To do: Write the data out again exactly, with no pictures.

Task material:
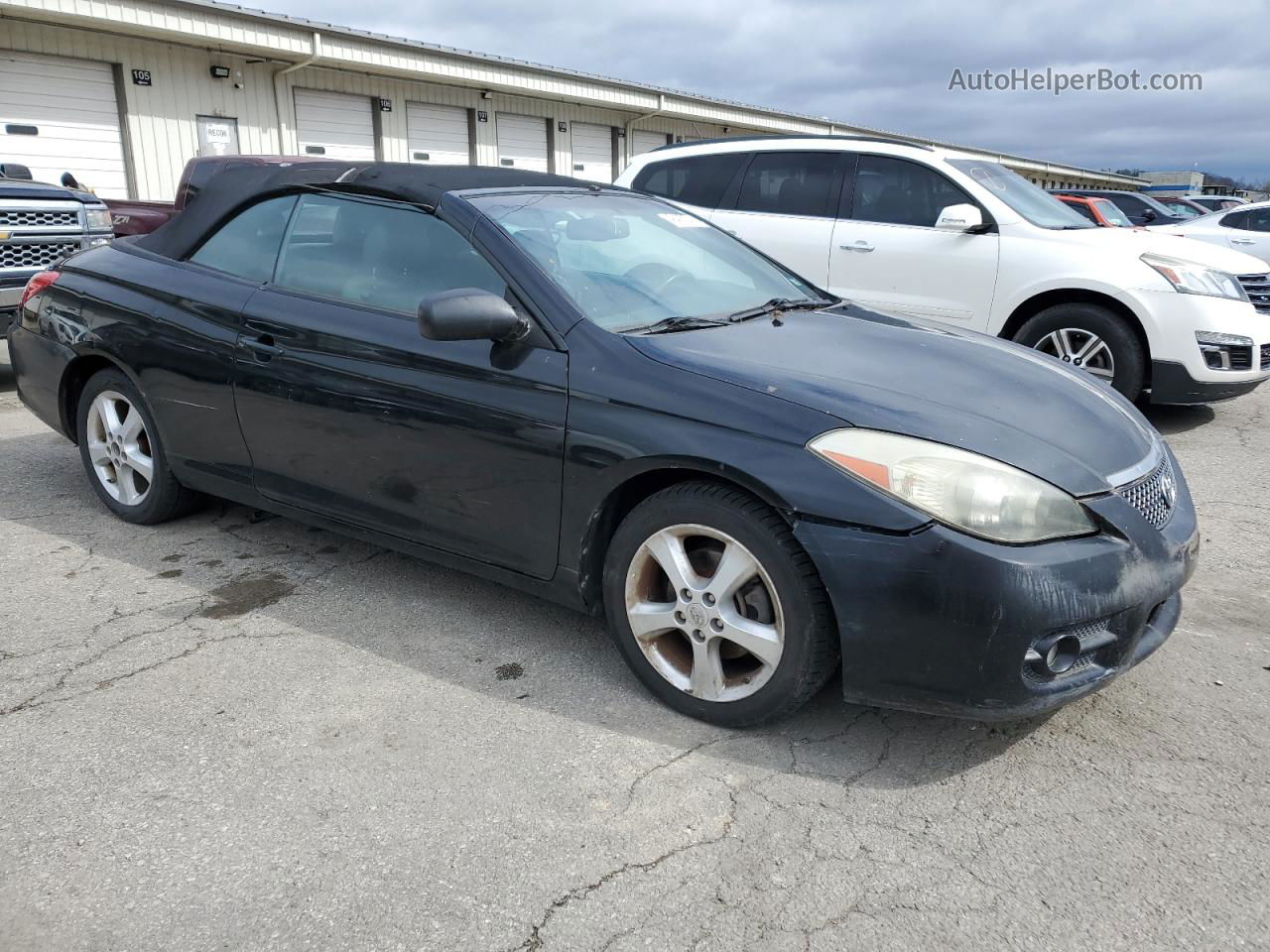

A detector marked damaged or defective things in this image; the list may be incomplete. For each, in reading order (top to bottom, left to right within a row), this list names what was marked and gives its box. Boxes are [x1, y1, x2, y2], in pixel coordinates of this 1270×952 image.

cracked pavement [0, 345, 1264, 952]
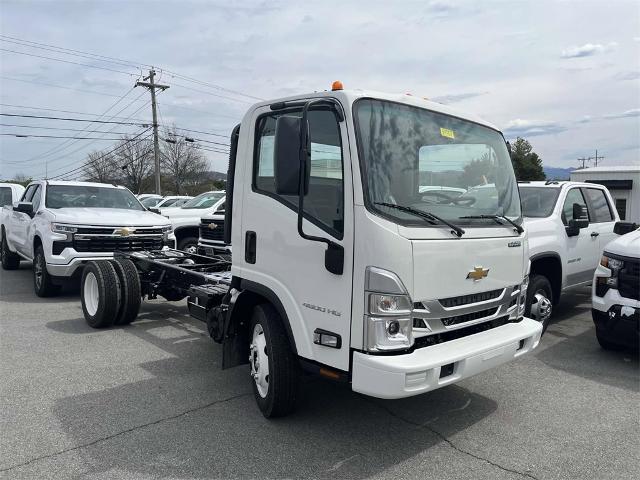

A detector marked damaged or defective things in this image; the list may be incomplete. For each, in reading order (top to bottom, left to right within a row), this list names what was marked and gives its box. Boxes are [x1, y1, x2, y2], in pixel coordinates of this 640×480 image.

parking lot crack [0, 392, 250, 474]
parking lot crack [362, 398, 536, 480]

Task output:
A detector marked damaged or defective things in this image; the list may be incomplete. For each, in reading order (top to bottom, left to right within a row), this list names what was marked and gives its box. Boxes are [x1, y1, x2, y2], in pixel coordinates of this 1270×952 image.

cracked pavement [0, 345, 1264, 952]

A detector marked damaged or defective things in this image; the list may be incomplete. For each, in reading order (top to bottom, left to right within a row), this list names what was marked and gives its box. Boxes are [x1, y1, x2, y2], in pixel coordinates of this 640×480 image.

parking lot crack [0, 392, 250, 474]
parking lot crack [362, 398, 536, 480]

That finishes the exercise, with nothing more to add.